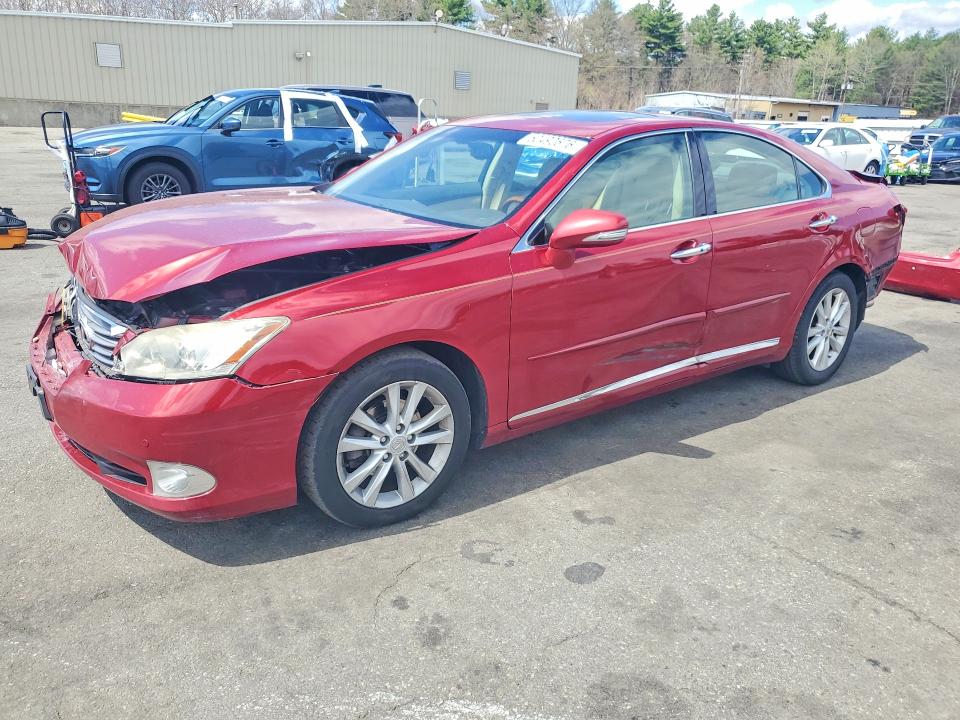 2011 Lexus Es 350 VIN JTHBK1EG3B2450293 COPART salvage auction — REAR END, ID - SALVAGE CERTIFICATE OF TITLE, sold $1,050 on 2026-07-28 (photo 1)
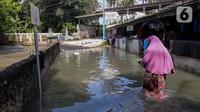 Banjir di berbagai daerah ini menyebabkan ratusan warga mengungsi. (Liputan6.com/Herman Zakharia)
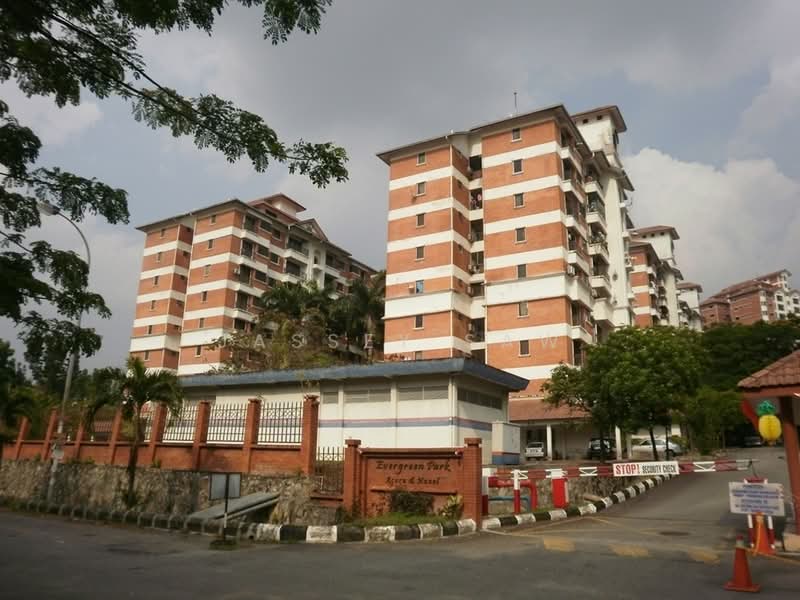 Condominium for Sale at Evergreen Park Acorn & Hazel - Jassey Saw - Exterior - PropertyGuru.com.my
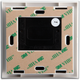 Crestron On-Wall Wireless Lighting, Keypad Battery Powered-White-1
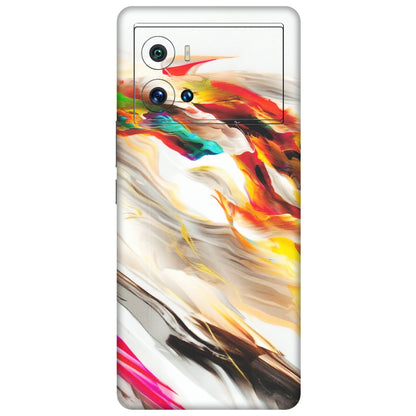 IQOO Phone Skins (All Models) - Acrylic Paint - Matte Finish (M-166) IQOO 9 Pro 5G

--- --- ---

WHAT IS REQUIRED: An exact restatement is expected of the lines from the line containing "Banjir di berbagai" to the end of the data above, pictures excluded.

EXERCISE ANSWER:
 Banjir di berbagai daerah ini menyebabkan ratusan warga mengungsi. (Liputan6.com/Herman Zakharia)
 Condominium for Sale at Evergreen Park Acorn & Hazel - Jassey Saw - Exterior - PropertyGuru.com.my
 Crestron On-Wall Wireless Lighting, Keypad Battery Powered-White-1
 IQOO Phone Skins (All Models) - Acrylic Paint - Matte Finish (M-166) IQOO 9 Pro 5G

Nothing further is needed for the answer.